Attempting to stem fierce European criticism of US treatment of suspected terrorists, the Secretary of State, Condoleezza Rice, admitted that Washington had carried out "renditions" of suspects - but never in violation of other country's sovereignty, and never where it was believed that the individual might be tortured.

Speaking yesterday in the US before leaving for a week-long trip to Europe, Ms Rice presented the Bush administration's clearest statement yet on an issue that has generated fresh uproar after claims the CIA operated secret prisons in eastern Europe and elsewhere.

In her statement, Ms Rice refused to comment specifically on such prisons, saying Washington "cannot discuss information that would compromise the success of intelligence, law enforcement and military operations," and assumed that other countries shared that view.

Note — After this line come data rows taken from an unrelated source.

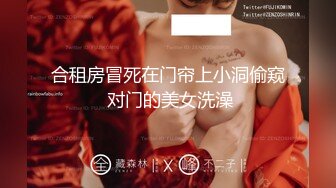 微博红人 超级性感完美身材女神 月暖如梵音 粉红兔女郎[98P+13V/1.0G]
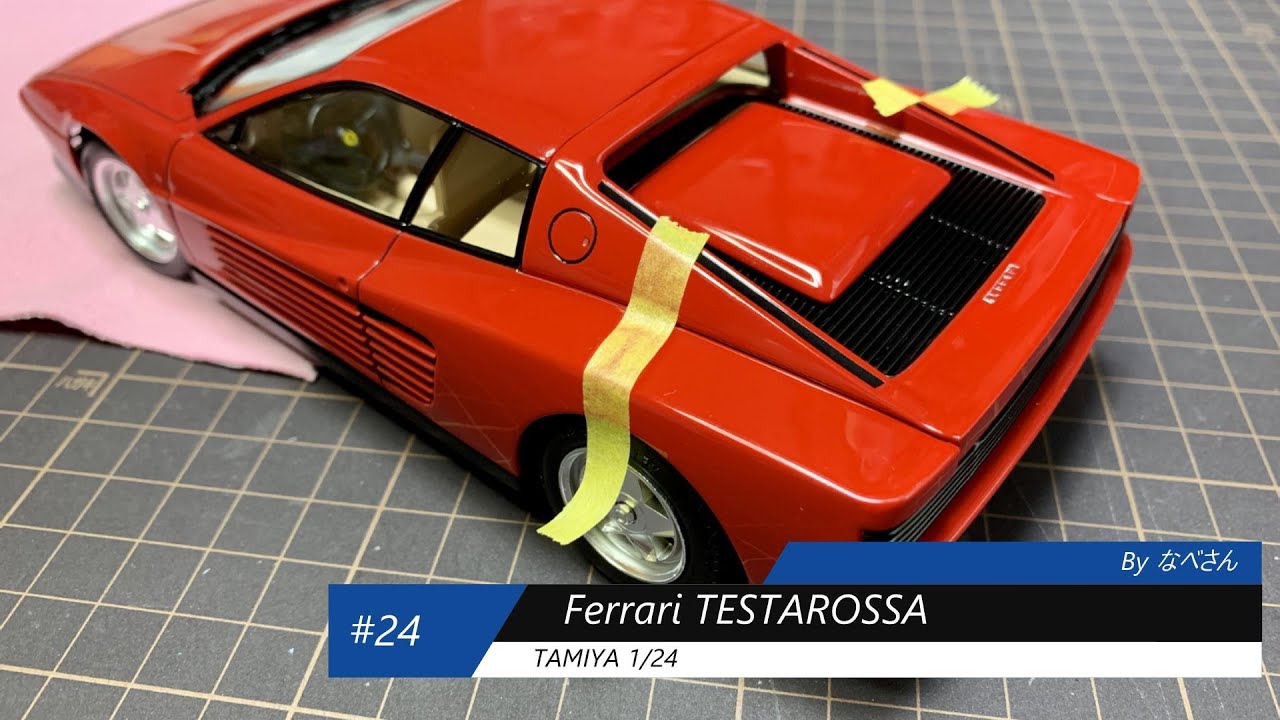 #24 Ferrari TESTAROSSA TAMIYA1/24 なべさんの難しく考えないプラモデル制作記 フェラーリ テスタロッサ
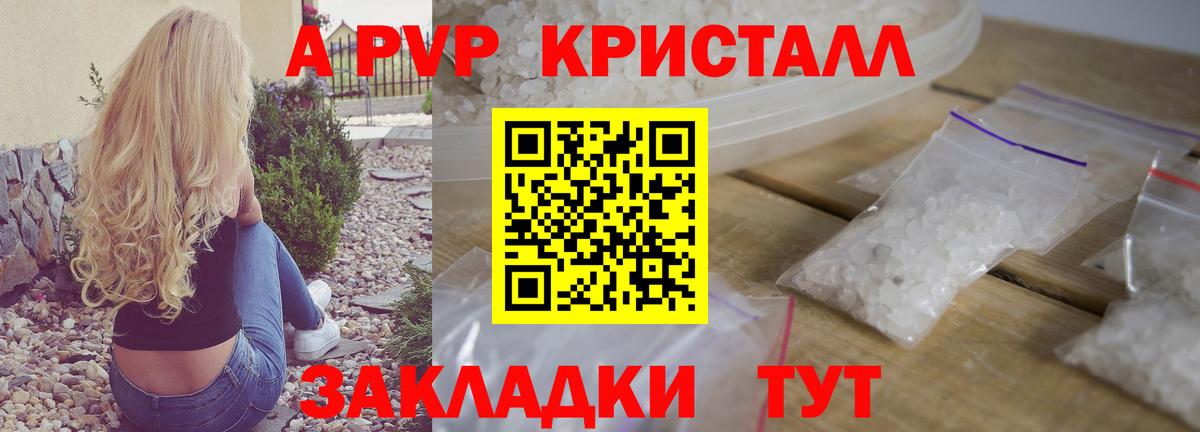 APVP СК КРИС  Alpha-PVP кристаллы  Alfa_PVP СК КРИС  Лысьва  Вход с VPN 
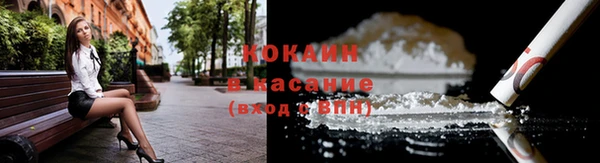 амф Вязники
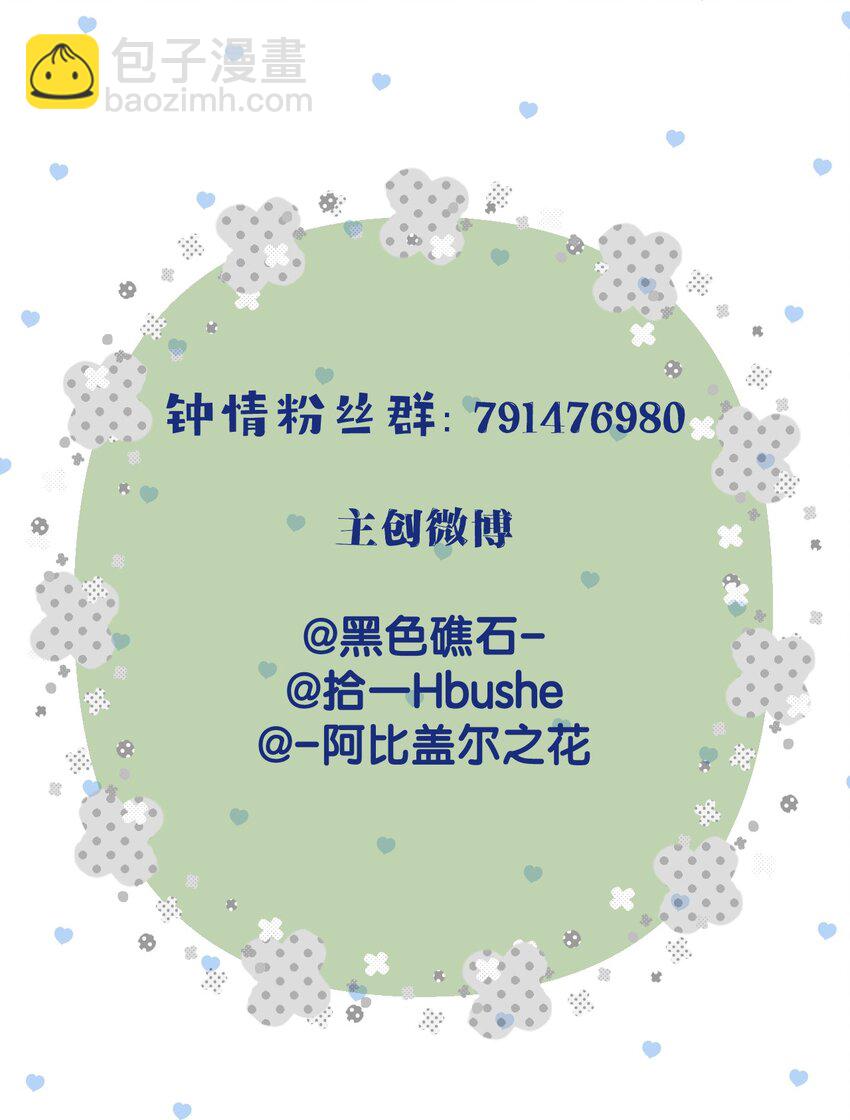 55 嘴硬的下场-第57话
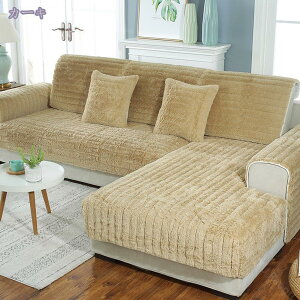ペットソファーカバー ソファカバー ソファーシーツ マルチカバー 厚手 改修 犬猫対策 ソファー保護 防寒 防塵 通気 ソファー保護カバー 模様替え 純色 90*120cm インテリア ソファー 2人掛け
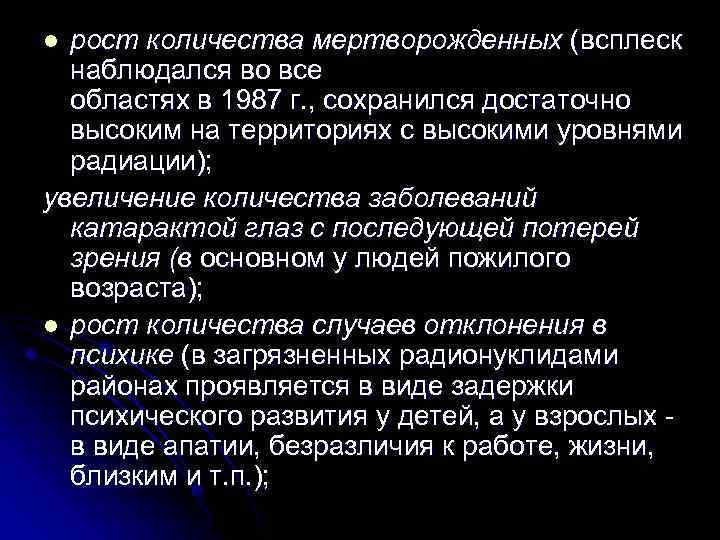 рост количества мертворожденных (всплеск наблюдался во все областях в 1987 г. , сохранился достаточно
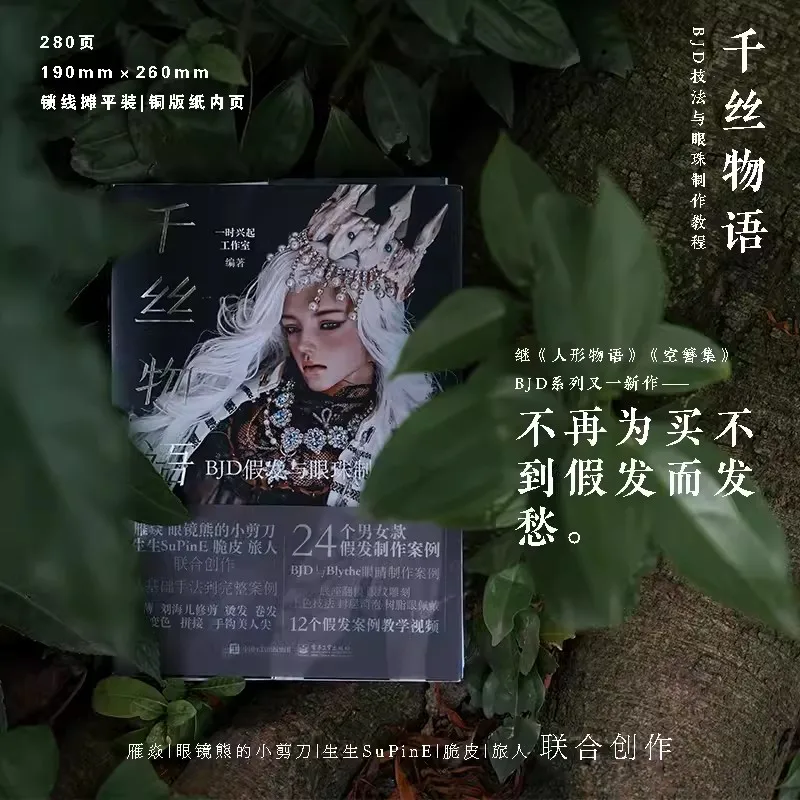 Libro tutorial per realizzare parrucche e bulbi oculari BJD Thousand Silk Story - Occhi della bambola Blythe e guide per lo styling per gli appassionati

Originally, the Secretary of State's trip was intended to continue the process of rebuilding transatlantic relations badly frayed by the Iraq war.

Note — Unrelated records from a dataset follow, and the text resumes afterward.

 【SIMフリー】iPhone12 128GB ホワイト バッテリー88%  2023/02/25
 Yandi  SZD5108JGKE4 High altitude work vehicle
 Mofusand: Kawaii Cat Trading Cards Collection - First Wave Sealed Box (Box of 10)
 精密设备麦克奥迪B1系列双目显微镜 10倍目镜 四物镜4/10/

But it will be dominated by the linked issues of torture and allegations that the US routinely ignores international law in its conduct of the "war on terror".

Ms Rice arrived in Germany last night, her first stop, where the new government of Chancellor Angela Merkel has demanded the US give a detailed accounting of some 400 flights organised by the US military that either landed in, or overflew, Germany. Ms Rice will then travel to Romania - one of the countries where human rights groups say a secret CIA camp was located.

After a week of intense discussion of how to counter the criticism, the administration has now decided that attack is the best means of defence. Ms Rice took no questions after her sttement yesterday. Instead, she insisted that US efforts were "sometimes misunderstood".

The truth, she said, was that terrorism was a universal threat, and all governments had a fundamental duty to protect their citizens. She said that, four years after the attacks of 11 September, "most of our populations are asking us if we are doing all we can to protect them" from future attacks. Before the next one, "we should all consider the hard choices that democratic governments must face".

And the best way of dealing with the danger, the Secretary of State said, was "to work together." In a unusually detailed defence of "rendition," Ms Rice said the process - where suspects were moved from the country of their capture to another country for questioning, detention or trial - was "a vital tool" for tackling transnational terrorism.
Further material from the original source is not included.